Avant de se produire en concert dimanche soir à Dembéni, cet ex-musicien de Nougaro a pris les devant, pour tenter expliquer ce qu’il est difficile de nommer, mais qui emmène son auditoire vers des sphères qu’il nous aimerait accessibles. Ce n’est pas de sa faute à lui, Bernard Lubat, si le rythme du jazz s’est affranchi de lui-même ces dernières années, « il s’est autocritiqué ».
Baguette en main, on a de suite une démo : enregistré, puis diffusé, il juxtapose un autre morceau, comme s’il y avait deux musiciens, lorsqu’un autre son surgit, un violon, ou un saxo, venu de nulle part.
Il faut dire que cette musique discontinue, ils la produisent à deux, ou plutôt à trois, puisque l’ordinateur, « la machine », s’en mêle, et s’est emmêlée d’ailleurs, puisqu’il a fallu remettre trois fois le métier sur l’ouvrage dans l’auditorium du CUFR à Dembéni ce jeudi soir. Notre oreille peu habituée à cette absence d’homogénéité, est rassurée par les explications de l’artiste, féru de jeux de mots autant que de jeux de notes.
Jazz made by Lubat face au debah
C’est surtout un philosophe. « Le jazz est une musique qui a redémocratisé l’improvisation. Et l’improvisation, c’est se souvenir de ce qui n’est pas encore arrivé. Le jazz existe depuis un siècle, mais est en perpétuelle évolution. C’est un commencement qui n’en finit pas. »
La musique c’est pour lui un partage, une rencontre. Qui a ses limites. Polyrythmies mahoraises et jazz made by Lubat face à face, ce n’est pas gagné : « Nous avons eu un échange avec un groupe de chants de femmes mahoraises accompagnées de musiciens jeudi. Il y avait de l’intérêt motivé par nos différences, mais pour échanger, il faut y perdre un peu chacun, et pour ça, ne pas avoir une tradition fermée sur elle-même. » Il a donc improvisé, « les musiciens étaient décontenancés en face ». On les comprend.
Et pourtant, l’échange est faisable quelque soit la langue selon lui : « Au Brésil, j’ai commencé en utilisant un métalangage », lance-t-il avant d’émettre des borborygmes « Chigloungloungchawala » mélodieux, au rythme bien senti, « l’autre a fait pareil et on a abouti à un dialogue.
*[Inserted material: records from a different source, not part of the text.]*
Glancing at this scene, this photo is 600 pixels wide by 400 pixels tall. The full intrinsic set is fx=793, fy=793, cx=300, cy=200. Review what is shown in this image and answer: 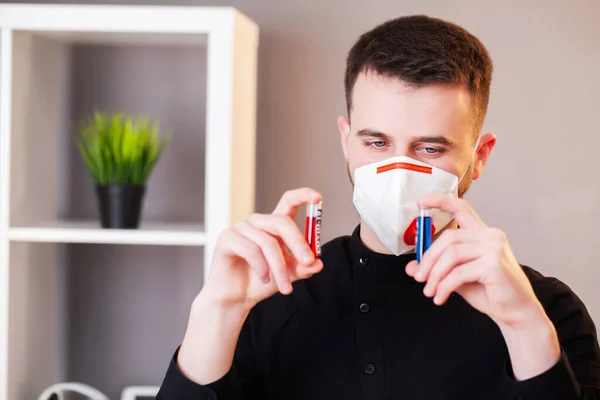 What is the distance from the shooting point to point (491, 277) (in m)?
0.99

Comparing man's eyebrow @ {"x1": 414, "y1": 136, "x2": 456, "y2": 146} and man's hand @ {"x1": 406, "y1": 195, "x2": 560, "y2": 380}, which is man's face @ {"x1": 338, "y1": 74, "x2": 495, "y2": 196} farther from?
man's hand @ {"x1": 406, "y1": 195, "x2": 560, "y2": 380}

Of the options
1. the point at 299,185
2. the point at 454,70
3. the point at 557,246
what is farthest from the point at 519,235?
the point at 454,70

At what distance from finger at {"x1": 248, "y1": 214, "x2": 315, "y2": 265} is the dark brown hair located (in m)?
0.34

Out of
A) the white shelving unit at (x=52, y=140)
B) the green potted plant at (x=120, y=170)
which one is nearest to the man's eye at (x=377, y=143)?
the white shelving unit at (x=52, y=140)

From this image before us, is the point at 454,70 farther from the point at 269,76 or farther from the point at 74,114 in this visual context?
the point at 74,114

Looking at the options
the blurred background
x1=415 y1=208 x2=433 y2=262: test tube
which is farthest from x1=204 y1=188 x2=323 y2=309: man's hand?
the blurred background

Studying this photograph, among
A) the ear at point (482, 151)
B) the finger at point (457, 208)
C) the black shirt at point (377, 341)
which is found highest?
the ear at point (482, 151)

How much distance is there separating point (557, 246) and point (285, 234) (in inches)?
48.7

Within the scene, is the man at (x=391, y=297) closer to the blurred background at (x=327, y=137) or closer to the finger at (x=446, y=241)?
the finger at (x=446, y=241)

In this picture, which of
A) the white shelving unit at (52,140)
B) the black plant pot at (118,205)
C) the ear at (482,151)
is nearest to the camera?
the ear at (482,151)

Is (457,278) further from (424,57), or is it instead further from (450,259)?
(424,57)

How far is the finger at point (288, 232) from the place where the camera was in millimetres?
995

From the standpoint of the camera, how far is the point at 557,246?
2041 millimetres

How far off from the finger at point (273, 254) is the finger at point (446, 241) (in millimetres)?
172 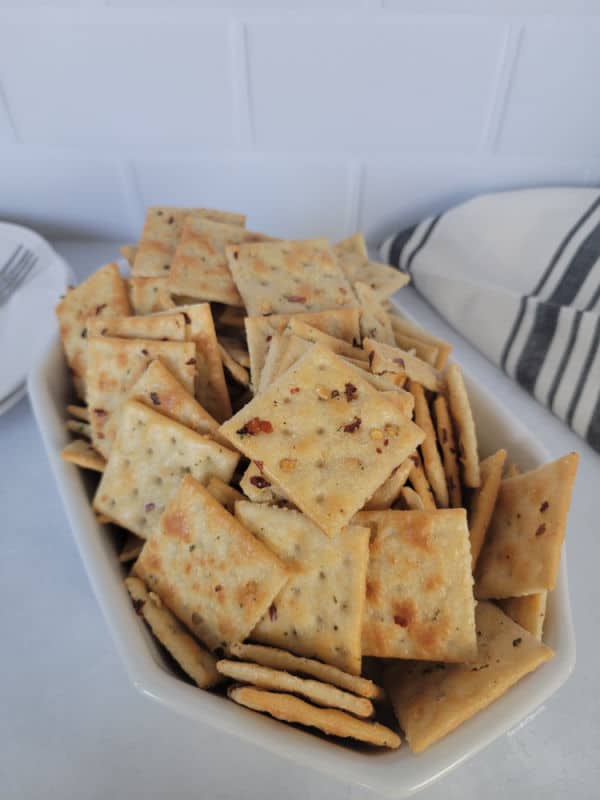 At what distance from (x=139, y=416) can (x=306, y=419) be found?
16cm

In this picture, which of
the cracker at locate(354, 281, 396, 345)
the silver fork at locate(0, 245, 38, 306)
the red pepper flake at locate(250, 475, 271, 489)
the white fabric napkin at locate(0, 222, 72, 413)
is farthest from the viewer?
the silver fork at locate(0, 245, 38, 306)

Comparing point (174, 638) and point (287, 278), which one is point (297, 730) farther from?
point (287, 278)

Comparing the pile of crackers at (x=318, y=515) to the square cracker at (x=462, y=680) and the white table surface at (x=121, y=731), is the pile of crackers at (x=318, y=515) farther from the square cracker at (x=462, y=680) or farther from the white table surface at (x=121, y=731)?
the white table surface at (x=121, y=731)

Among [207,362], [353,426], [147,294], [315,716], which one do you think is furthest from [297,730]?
[147,294]

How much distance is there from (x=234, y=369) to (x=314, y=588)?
0.22 metres

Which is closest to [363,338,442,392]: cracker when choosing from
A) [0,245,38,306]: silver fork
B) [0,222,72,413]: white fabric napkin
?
[0,222,72,413]: white fabric napkin

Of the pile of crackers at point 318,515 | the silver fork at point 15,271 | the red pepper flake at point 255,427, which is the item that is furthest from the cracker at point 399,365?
the silver fork at point 15,271

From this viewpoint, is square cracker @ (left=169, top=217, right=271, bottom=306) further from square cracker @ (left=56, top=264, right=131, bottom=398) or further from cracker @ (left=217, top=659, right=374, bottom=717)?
cracker @ (left=217, top=659, right=374, bottom=717)

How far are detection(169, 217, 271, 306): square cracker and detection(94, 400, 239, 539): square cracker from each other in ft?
0.46

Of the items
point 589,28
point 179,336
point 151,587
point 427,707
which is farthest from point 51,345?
point 589,28

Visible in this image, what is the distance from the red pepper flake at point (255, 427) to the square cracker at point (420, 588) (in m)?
0.11

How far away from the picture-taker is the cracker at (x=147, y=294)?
0.65 metres

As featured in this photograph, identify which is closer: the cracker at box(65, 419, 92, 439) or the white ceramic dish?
the white ceramic dish

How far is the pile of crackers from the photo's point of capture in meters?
0.46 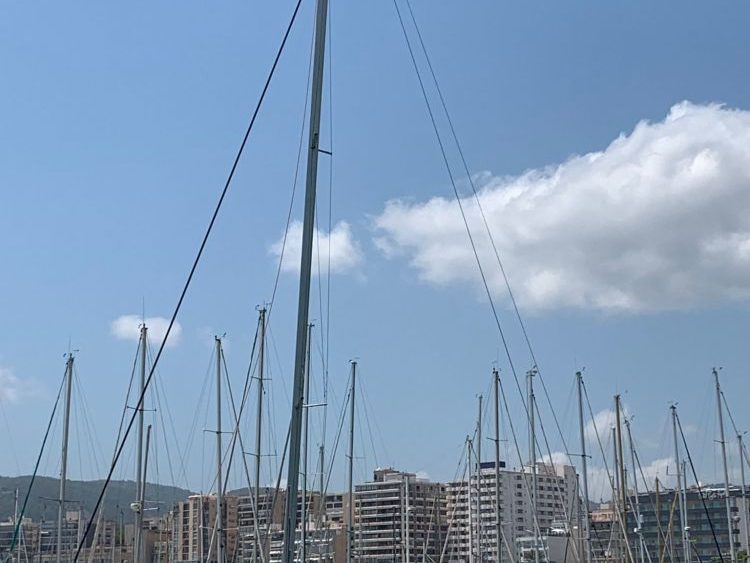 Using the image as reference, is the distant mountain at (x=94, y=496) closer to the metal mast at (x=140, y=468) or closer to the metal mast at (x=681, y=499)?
the metal mast at (x=140, y=468)

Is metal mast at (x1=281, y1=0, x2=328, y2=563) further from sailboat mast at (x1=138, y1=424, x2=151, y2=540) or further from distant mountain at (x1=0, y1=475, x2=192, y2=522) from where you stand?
sailboat mast at (x1=138, y1=424, x2=151, y2=540)

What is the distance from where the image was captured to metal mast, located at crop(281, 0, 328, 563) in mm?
19406

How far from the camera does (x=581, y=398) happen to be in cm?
6656

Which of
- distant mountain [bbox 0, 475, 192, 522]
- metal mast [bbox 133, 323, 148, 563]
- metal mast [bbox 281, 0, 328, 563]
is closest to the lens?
metal mast [bbox 281, 0, 328, 563]

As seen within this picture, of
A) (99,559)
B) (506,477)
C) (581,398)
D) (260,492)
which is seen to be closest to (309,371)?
(260,492)

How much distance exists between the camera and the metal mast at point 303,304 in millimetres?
19406

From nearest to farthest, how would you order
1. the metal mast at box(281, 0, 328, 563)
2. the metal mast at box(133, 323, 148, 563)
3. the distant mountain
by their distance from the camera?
the metal mast at box(281, 0, 328, 563) < the metal mast at box(133, 323, 148, 563) < the distant mountain

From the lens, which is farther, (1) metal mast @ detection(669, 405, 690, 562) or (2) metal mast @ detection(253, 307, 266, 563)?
(1) metal mast @ detection(669, 405, 690, 562)

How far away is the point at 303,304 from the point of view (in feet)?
64.7

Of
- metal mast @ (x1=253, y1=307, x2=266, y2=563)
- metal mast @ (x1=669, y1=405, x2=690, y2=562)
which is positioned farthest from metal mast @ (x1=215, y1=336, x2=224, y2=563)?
metal mast @ (x1=669, y1=405, x2=690, y2=562)

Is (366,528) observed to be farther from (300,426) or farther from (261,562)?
(300,426)

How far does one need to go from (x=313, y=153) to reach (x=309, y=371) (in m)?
28.8

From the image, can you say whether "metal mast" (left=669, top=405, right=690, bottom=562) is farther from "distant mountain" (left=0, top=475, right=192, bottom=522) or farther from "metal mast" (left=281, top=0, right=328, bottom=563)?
"metal mast" (left=281, top=0, right=328, bottom=563)

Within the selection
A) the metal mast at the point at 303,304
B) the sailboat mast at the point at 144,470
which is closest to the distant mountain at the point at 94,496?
the sailboat mast at the point at 144,470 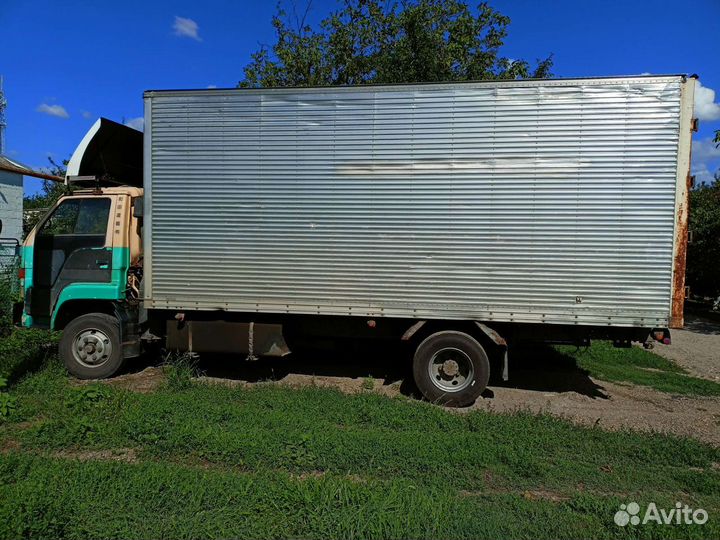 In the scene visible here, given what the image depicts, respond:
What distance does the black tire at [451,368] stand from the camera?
576cm

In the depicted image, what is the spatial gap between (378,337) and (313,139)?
266 cm

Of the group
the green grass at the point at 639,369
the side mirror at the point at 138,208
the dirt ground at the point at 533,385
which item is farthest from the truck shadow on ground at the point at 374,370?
the side mirror at the point at 138,208

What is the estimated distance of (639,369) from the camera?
809 cm

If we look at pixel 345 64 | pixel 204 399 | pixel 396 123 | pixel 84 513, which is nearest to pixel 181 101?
pixel 396 123

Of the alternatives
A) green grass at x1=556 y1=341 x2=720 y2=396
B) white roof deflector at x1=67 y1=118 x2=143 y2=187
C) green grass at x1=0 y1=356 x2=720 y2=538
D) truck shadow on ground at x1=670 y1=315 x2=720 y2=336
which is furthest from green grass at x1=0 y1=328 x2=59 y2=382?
truck shadow on ground at x1=670 y1=315 x2=720 y2=336

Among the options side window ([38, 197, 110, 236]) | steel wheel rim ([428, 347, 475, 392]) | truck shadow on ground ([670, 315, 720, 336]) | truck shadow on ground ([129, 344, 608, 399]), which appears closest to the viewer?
steel wheel rim ([428, 347, 475, 392])

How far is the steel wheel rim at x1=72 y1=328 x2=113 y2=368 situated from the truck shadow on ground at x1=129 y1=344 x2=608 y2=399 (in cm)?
67

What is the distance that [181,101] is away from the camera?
618 cm

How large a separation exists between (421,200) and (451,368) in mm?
2106

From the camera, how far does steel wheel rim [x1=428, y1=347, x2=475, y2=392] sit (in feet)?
19.2

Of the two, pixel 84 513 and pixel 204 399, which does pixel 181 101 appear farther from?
pixel 84 513

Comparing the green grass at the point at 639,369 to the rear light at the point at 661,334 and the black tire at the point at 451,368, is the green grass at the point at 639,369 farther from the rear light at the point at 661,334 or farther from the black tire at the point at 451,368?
the black tire at the point at 451,368

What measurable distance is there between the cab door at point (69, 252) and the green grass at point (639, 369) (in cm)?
751

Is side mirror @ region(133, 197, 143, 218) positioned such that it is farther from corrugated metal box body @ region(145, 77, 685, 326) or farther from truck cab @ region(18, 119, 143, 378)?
corrugated metal box body @ region(145, 77, 685, 326) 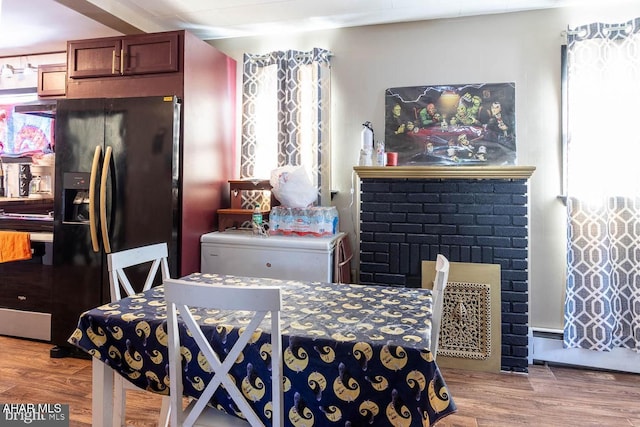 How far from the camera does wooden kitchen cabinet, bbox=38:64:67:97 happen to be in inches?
134

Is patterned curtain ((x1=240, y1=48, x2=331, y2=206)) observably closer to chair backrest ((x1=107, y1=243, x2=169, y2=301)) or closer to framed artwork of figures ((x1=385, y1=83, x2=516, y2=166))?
framed artwork of figures ((x1=385, y1=83, x2=516, y2=166))

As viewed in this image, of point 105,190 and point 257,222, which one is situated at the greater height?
point 105,190

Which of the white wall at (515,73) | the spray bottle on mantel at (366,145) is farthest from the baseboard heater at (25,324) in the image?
the spray bottle on mantel at (366,145)

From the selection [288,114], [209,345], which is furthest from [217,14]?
[209,345]

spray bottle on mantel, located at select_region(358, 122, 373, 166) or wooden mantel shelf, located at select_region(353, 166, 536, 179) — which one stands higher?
spray bottle on mantel, located at select_region(358, 122, 373, 166)

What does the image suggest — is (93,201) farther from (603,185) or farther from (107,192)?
(603,185)

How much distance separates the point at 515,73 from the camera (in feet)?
9.56

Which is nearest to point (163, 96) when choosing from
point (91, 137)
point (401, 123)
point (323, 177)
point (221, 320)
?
point (91, 137)

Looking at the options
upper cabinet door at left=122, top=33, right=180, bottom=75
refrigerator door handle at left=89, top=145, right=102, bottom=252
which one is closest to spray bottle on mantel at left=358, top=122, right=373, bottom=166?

Après, on peut tenter de définir la musique écrite, comme celle de Debussy, mais ce que j’aime, c’est la capacité de faire autre chose. »
Innover à tout prix ?
Boulez à l’appui, les capacités de l’électronique sont mises en avant ce soir là, l’archétype de la musique contemporaine : « La musique peut faire danser, mais doit faire penser aussi. On doit se sentir interpellé, pas en sécurité. » C’est réussi lorsqu’on écoute ce que produit leur logiciel Improtek, mis au point au CAMS et à l’IRCAM, « c’est un conglomérat de différences. Le rythme, au bout d’une certaine complexité, on ne sait plus où on va. On n’est pas capable ni technologiquement, ni psychologiquement de jouer ça »… Les auditeurs sont-ils rassurés ?
Son objectif, c’est le déséquilibre permanent, celui qui incite à se réinventer : « Picasso a dit, ‘le style, c’est la mort’. On est obligé d’imaginer pour ne pas rester serviteur du marché. » Une course sans fin vers l’avant, puisque le marché attrape vite les tendances.
Un spectateur s’interrogeait sur l’intérêt d’avoir recours à l’électronique, qui propose un instrument au hasard en se basant sur la hauteur des sons produits par le musicien, « on ne sent pas la pulsion personnelle ! », s’exclamait-il. Il avait droit comme réponse à une pirouette à la Lubat, « ça m’oblige à réfléchir, la musique est dur à l’oseille. »
On peut résumer Bernard Lubat par sa citation de Vilar : « Il faut avoir le courage et l’opiniâtreté de proposer au spectateur ce qu’il ne sait pas qu’il désire. » Quel qu’en soit le résultat, vous irez donc à la rencontre de vous-même dimanche soir, à 20h au CUFR pour un concert de l’Uzestois Bernard Lubat à Mayotte : « On y improvisera une relation, tant pis pour vous ! », comme une promesse.